Abstract
Gambling machines have been referred to as the “crack cocaine” of gambling, due to the rapid speed at which people develop a pathological addiction. The American Psychological Association (2000) defines pathological gambling as a disorder of impulse control with continual and recurring maladaptive gambling behaviour. Extensive neurological research has demonstrated that pathological gamblers display changes in prefrontal cortex (PFC) activity. Given the importance of the PFC in decision-making and reward we recorded from the nidopallium caudolaterale (NCL), the avian equivalent of the PFC, employing single-unit electrophysiology. Specifically, four gambling-related neuron types (reward-proximity, I-Lost, I-Won, and near-miss effect (NME)) were investigated for changes in overall prevalence and changes in activity as a function of either short or long experience playing a slot machine. Four pigeons (Columba livia) served as the subjects, two subjects were trained for a short period (short-trained), and two subjects were trained for a long period (long-trained) in order to mimic pathological gamblers length of gambling experience. The subjects played a computer-generated slot machine whereby the animal pecked on the virtual arm to initiate four tumblers to begin rolling. The pigeon then proceeded to peck each of the four tumblers in a consecutive order to stop each from rolling. If four of a kind appears on the tumblers the subjects received a food reward. The task was very similar to real slot machines that humans use in gaming rooms and casinos.

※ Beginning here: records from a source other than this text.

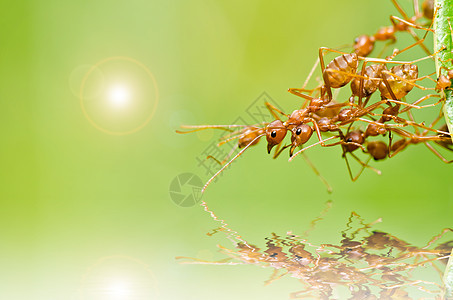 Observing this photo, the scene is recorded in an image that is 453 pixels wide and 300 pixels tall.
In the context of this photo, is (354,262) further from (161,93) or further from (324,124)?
(161,93)

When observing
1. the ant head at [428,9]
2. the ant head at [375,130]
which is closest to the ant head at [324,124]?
the ant head at [375,130]

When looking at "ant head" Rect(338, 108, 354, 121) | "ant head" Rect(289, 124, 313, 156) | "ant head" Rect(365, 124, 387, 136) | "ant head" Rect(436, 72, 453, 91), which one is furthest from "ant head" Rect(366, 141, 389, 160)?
"ant head" Rect(436, 72, 453, 91)

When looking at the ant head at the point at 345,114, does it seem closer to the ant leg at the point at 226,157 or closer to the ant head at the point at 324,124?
the ant head at the point at 324,124

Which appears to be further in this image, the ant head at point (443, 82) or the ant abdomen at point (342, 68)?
the ant abdomen at point (342, 68)

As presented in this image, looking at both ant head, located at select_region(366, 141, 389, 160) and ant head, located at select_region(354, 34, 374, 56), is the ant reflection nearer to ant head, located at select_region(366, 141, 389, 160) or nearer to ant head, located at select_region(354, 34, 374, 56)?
ant head, located at select_region(366, 141, 389, 160)

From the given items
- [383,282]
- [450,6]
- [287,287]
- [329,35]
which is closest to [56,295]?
[287,287]

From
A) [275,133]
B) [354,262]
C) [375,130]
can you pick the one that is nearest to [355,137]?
[375,130] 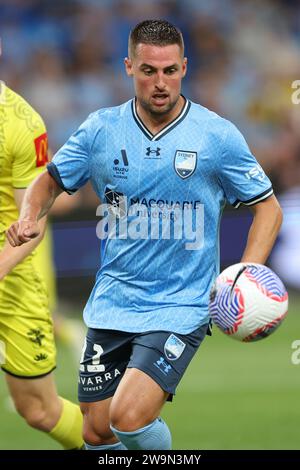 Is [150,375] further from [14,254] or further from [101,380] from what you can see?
[14,254]

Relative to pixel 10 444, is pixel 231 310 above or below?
above

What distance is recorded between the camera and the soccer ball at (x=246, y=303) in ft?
17.8

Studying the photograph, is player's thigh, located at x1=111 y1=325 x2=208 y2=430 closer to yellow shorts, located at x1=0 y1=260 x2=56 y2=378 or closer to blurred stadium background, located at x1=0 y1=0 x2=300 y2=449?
yellow shorts, located at x1=0 y1=260 x2=56 y2=378

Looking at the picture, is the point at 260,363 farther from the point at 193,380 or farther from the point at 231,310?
the point at 231,310

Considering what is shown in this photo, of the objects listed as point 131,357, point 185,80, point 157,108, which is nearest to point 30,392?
point 131,357

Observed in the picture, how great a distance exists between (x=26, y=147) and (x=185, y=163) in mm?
1279

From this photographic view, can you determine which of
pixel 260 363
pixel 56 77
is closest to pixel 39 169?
pixel 260 363

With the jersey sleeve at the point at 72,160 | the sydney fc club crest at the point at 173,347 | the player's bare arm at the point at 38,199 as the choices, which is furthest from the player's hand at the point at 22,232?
the sydney fc club crest at the point at 173,347

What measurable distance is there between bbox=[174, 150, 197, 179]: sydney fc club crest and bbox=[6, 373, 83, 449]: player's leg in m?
1.78

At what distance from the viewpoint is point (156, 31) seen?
593cm

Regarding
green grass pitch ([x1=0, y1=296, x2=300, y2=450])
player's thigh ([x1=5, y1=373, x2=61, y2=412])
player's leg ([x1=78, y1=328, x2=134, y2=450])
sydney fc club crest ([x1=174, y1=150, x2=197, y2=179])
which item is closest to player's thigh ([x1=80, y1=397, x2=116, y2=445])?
player's leg ([x1=78, y1=328, x2=134, y2=450])

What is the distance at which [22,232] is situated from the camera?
226 inches

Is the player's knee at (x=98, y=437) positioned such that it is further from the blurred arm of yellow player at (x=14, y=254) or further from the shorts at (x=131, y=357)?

It was hypothesised that the prevalence of reward-proximity, I-Lost and I-Won neurons would be higher in long-trained subjects. In contrast, the prevalence of NME neurons was predicted to be higher in the short-trained subjects. Moreover, with regard to activity rate (or magnitude effects) the long-trained subjects were hypothesised to demonstrate higher levels with reward-proximity, I-Lost and I-Won neurons. In contrast, the short-trained subjects were hypothesised to demonstrate a higher magnitude effect. The results illustrated higher prevalence’s in the long-trained group with reward proximity, I-Lost and I-Won neurons, and a higher prevalence of NME neurons in the short-trained group, thus, the first hypothesis were supported. Higher magnitude effects were found with reward-proximity, I-Won and NME in the long-trained group. The short-trained group, however, demonstrated a higher magnitude effect with I-Lost neurons. The second hypothesis, therefore, was partially supported. In conclusion, the present experiment demonstrates that with extensive gambling experience changes in neural activity is observed in the avian NCL. Due to the similarities of the NCL to the PFC, this experiment has significant implications with regard to developing effective treatments and interventions for pathological gamblers. The findings, here, provide a framework for further research to investigate gambling related neural changes.